[Saved data entries]
::::::

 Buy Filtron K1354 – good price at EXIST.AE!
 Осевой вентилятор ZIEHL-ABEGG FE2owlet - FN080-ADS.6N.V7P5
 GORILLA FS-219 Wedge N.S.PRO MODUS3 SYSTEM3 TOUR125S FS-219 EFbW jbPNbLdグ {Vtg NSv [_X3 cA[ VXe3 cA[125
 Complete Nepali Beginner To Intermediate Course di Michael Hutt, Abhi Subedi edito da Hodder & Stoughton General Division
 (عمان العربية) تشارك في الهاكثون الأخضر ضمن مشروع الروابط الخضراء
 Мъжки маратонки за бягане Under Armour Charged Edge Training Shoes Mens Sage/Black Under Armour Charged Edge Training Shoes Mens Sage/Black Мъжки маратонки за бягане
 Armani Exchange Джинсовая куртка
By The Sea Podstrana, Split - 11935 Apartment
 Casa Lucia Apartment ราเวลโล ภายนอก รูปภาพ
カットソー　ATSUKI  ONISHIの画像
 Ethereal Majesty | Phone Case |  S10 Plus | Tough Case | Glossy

::::::

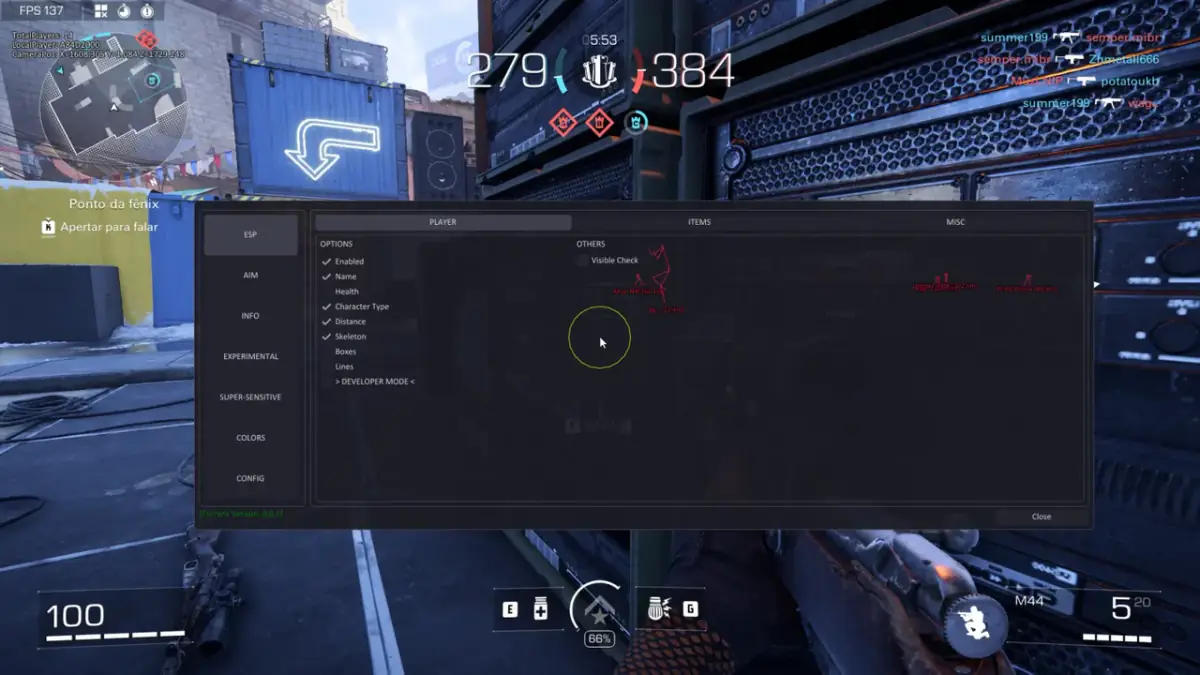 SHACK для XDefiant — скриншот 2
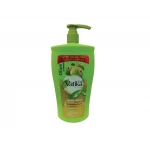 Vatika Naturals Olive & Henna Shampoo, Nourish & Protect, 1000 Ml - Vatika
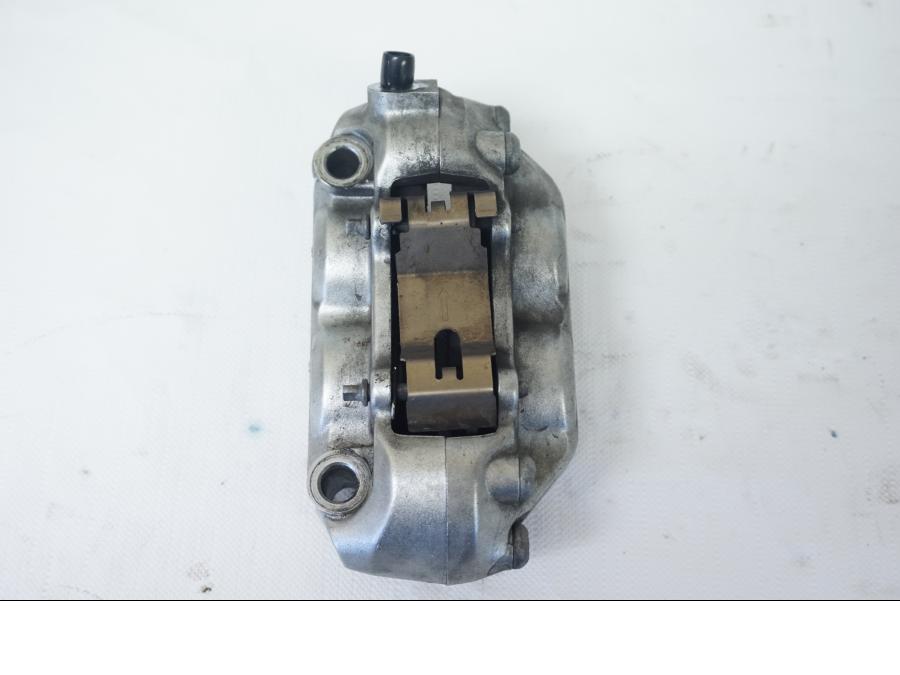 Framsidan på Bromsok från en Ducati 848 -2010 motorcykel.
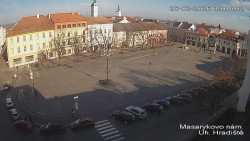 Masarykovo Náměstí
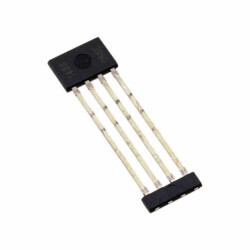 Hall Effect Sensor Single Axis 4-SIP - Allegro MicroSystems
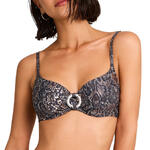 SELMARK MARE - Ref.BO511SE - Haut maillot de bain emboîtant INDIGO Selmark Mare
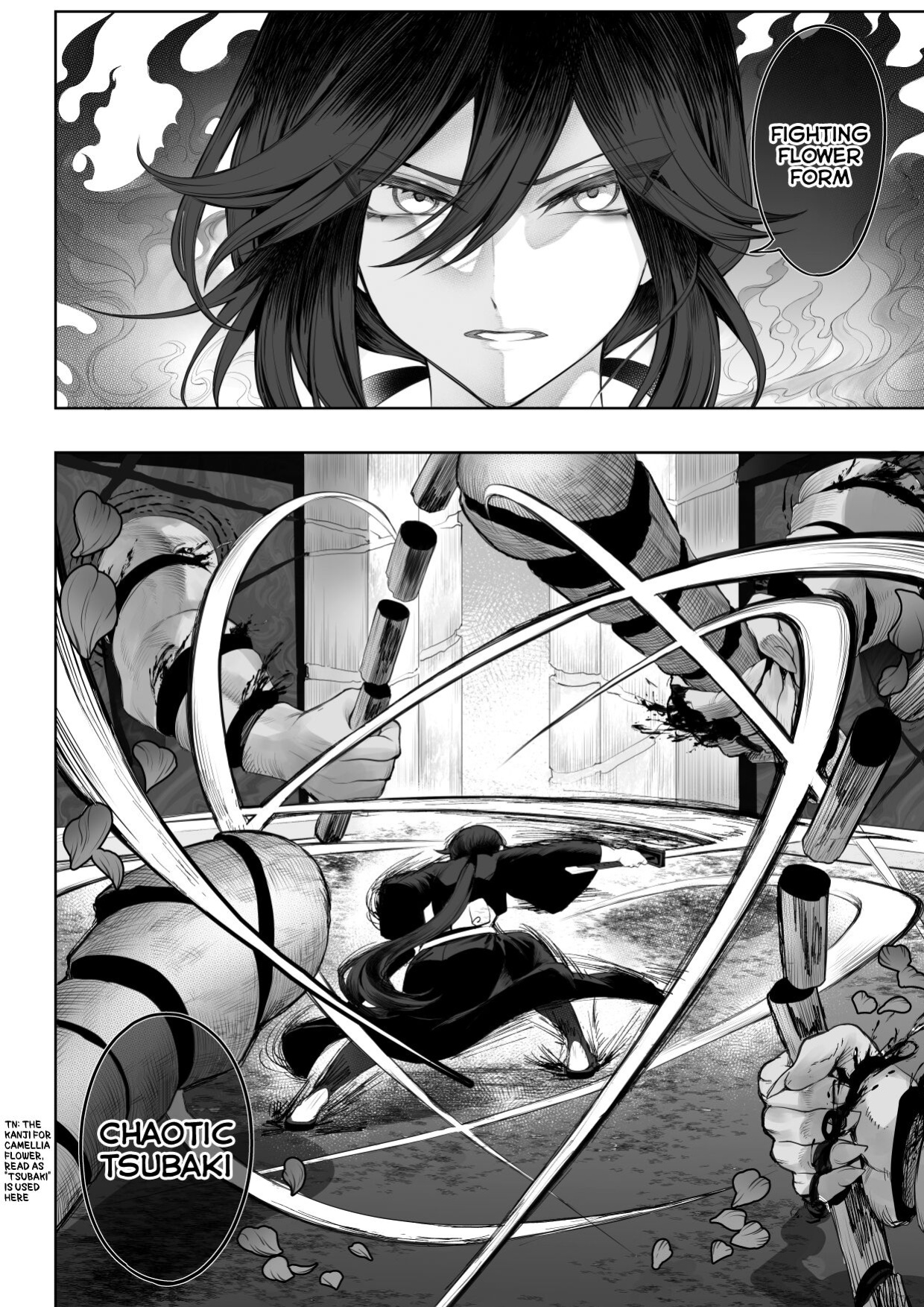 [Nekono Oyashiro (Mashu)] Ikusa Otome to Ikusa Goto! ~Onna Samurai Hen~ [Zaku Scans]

::::::

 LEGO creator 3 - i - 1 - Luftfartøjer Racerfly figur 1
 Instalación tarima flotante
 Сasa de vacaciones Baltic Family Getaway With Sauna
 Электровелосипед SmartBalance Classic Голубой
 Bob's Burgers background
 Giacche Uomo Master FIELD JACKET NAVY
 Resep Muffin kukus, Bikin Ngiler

::::::

#### [What you will do]
Each line above that includes the word "Apartment" is to be copied.

#### [Result of the task]
By The Sea Podstrana, Split - 11935 Apartment
 Casa Lucia Apartment ราเวลโล ภายนอก รูปภาพ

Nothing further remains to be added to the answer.